> _Assignment_: Print the lines below from the line with "Oceans Fish And Chips Bar - Click Find 0" to the line with "Eyelids tightening icon" exactly, keeping both ends, and print no pictures.

> _Provided material_:
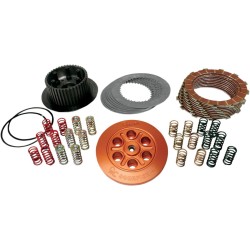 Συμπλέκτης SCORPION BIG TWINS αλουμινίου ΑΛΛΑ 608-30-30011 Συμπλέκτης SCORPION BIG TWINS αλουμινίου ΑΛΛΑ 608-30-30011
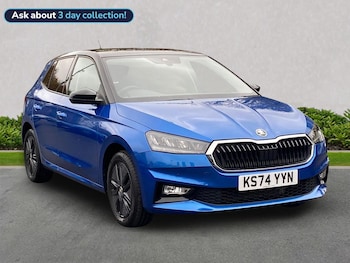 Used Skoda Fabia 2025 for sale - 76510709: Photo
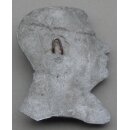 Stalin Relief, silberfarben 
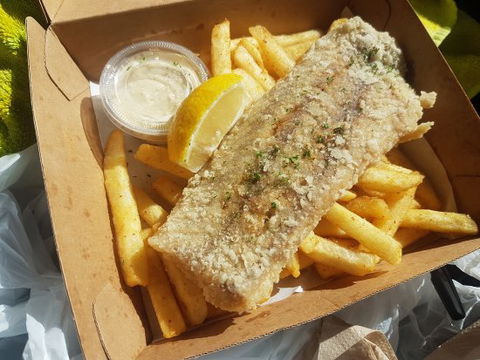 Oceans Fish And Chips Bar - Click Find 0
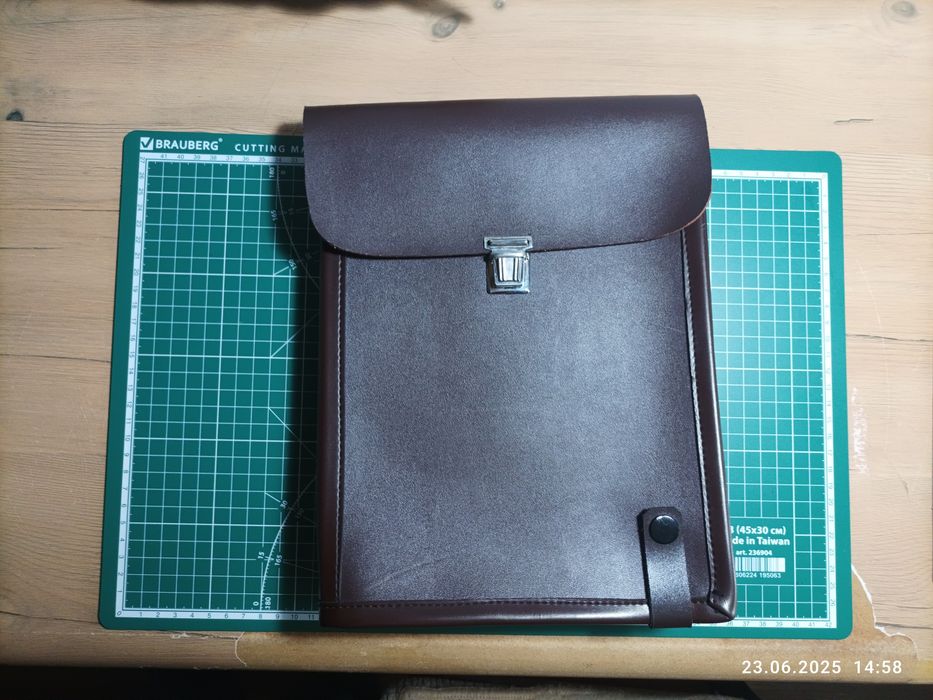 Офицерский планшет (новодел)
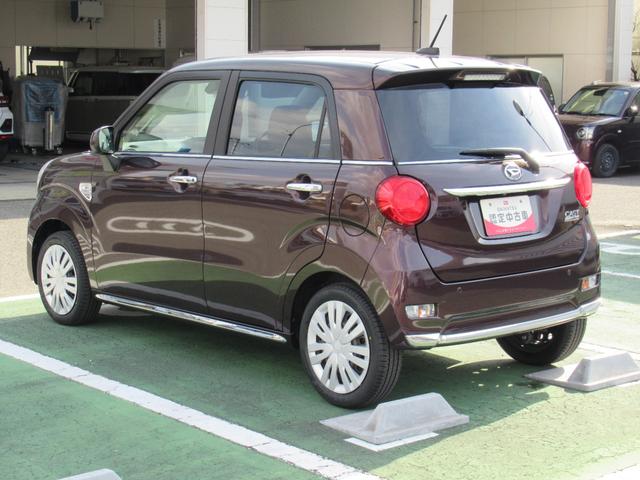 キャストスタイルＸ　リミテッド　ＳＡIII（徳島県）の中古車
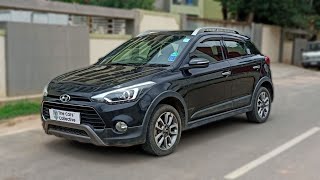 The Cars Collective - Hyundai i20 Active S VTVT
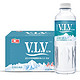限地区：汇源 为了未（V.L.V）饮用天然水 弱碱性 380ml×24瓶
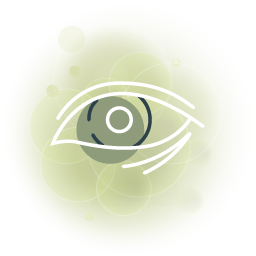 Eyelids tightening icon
* * *
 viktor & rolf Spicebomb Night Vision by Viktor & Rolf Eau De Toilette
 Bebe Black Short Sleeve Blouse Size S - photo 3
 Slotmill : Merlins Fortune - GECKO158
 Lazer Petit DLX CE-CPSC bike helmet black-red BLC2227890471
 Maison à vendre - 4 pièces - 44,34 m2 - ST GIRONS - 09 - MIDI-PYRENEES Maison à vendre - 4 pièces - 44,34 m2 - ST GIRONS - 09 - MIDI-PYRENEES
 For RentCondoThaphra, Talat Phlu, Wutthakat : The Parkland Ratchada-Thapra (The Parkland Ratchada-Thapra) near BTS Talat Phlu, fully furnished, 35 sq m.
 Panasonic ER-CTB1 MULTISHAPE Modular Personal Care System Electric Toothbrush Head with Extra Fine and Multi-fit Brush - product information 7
--
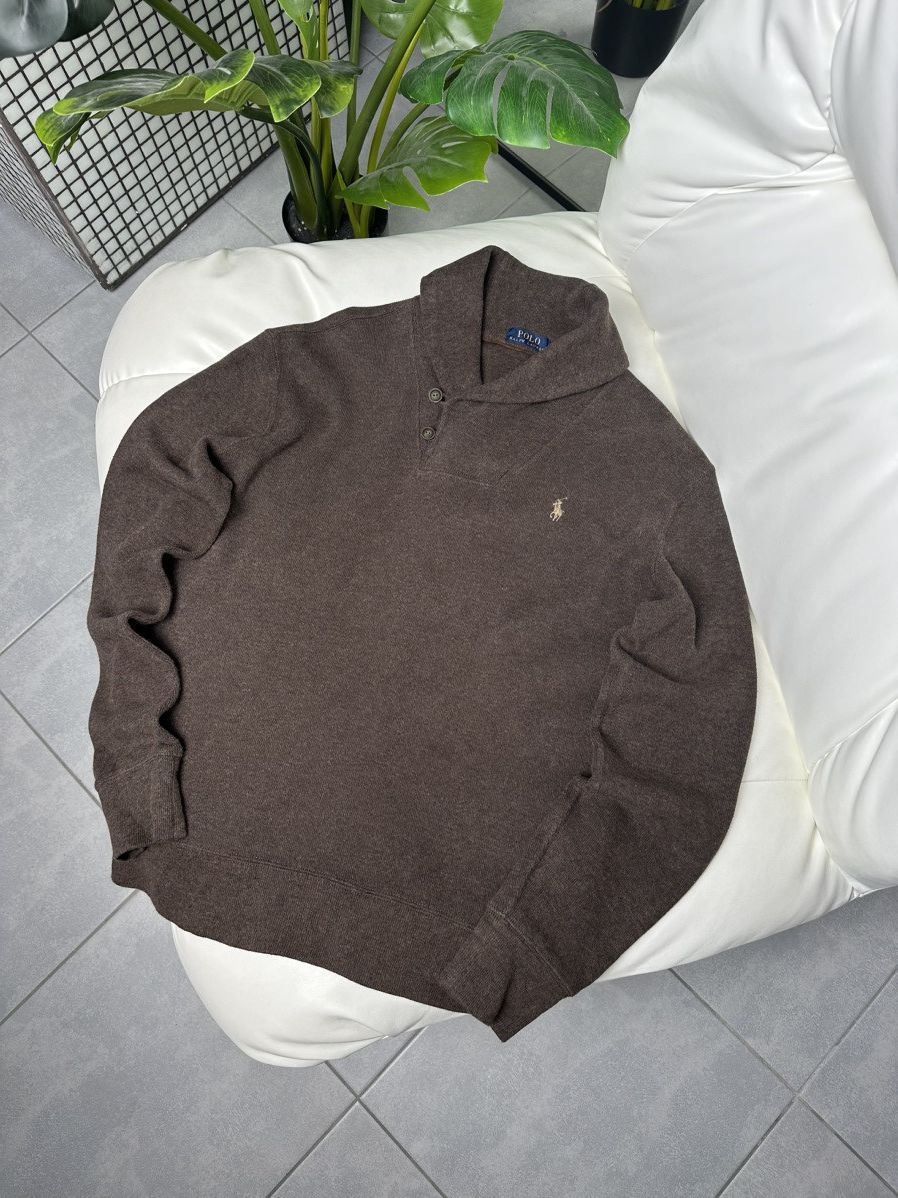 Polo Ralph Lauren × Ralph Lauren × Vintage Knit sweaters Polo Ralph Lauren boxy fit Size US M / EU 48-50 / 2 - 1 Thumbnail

> _Output of the exercise_:
 Oceans Fish And Chips Bar - Click Find 0
 Офицерский планшет (новодел)
 キャストスタイルＸ　リミテッド　ＳＡIII（徳島県）の中古車
 The Cars Collective - Hyundai i20 Active S VTVT
限地区：汇源 为了未（V.L.V）饮用天然水 弱碱性 380ml×24瓶
 Eyelids tightening icon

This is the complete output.